Kirchners’ affinity with Venezuela President Hugo Chávez, helps bridging the diplomatic rift between Argentina and Iran due Nisman’s penal accusations. Hugo Chávez might have personally mediated between Presidents Kirchner and Ahmadinejad, to facilitate a political arrangement, in which the Argentine government will grant the lifting of the Interpol warrants to Iranian officers and clerics, in return for an oil-for-grains trade deal, but as well buying heavy-water nuclear reactor technology that allows to produce plutonium out of natural uranium. These claimes , Venezuelan Bolivarian guard defectors have claimed recently in the Brazilian media Veja, which to some extent fits with Nisman’s 2006 investigations.

In 2007, when Christina Fernandez de Kirchner takes on the Presidency, the Nation makes a diplomatic U-turn and unexpectedly approaches to Iran looking to improve its relations. In 2010, Argentina and Iran strike, by which the nations will cooperate to bi-laterally investigate the Iranian and Hezbollah connections with the 1992 and 1994 bombings; yet this memorandum was highly criticized for single-handily surrender judicial sovereignty.

The problem emerges when last January 15th, Nisman formally denounces the current Argentine President Christina Fernandez de Kirchner, for covering-up Iran’s officers of the 2006 investigation in exchange of economic benefits through the 2010 bi-lateral deal. Having just presented a brief memo of his late investigation, the Argentine Congress recalls the Prosecutor for a secret debrief of the rest of evidence the forthcoming Monday 19 of January. Yet, this meeting will never actually occur, since Prosecutor Nisman was found dead in his apartment the night before.
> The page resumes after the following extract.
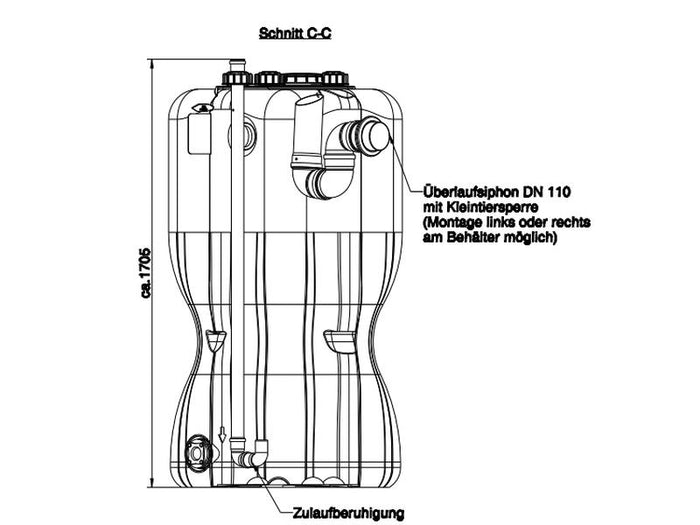 Roth Regenwasser Basis-Hausspeicher 750 Liter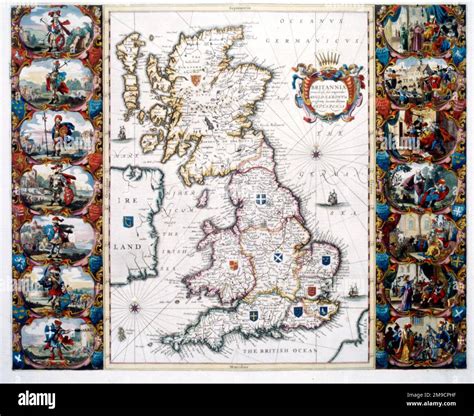 Anglo-Saxon Heptarchy Map of the Kingdoms of England Stock Photo - Alamy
There are nearly 8.000 hours of phone records that the Special Prosecutor held in his files, featuring the voices of argentine politicians close to the current administration in suspicious para-diplomatic conversations with members of the Shiite Mosque At Tauhid of Buenos Aires and the Iranian Embassy. Not much of these records has been released yet, as they still are under judicial custody as proofs and will remain secret until the Federal Justice decides whether to open the Pandora’s box that Nisman brought to surface. Dr. Nisman was certain of having enough proofs to legally impute both the  Argentine President and the Minister of Foreign Affairs for signing the bilateral memorandum as a stratagem to cover-up his 2006 criminal investigation on the 1994 bombing, zeroing on Iran’s government officers.

Since its death, innumerable theories have been drawn on the reasons behind such fatality, and not even the very judicial power investigating its death has a solid lead whatsoever; but one thing is for sure, his name will resonate nearly as loud as the bombings he was investigating.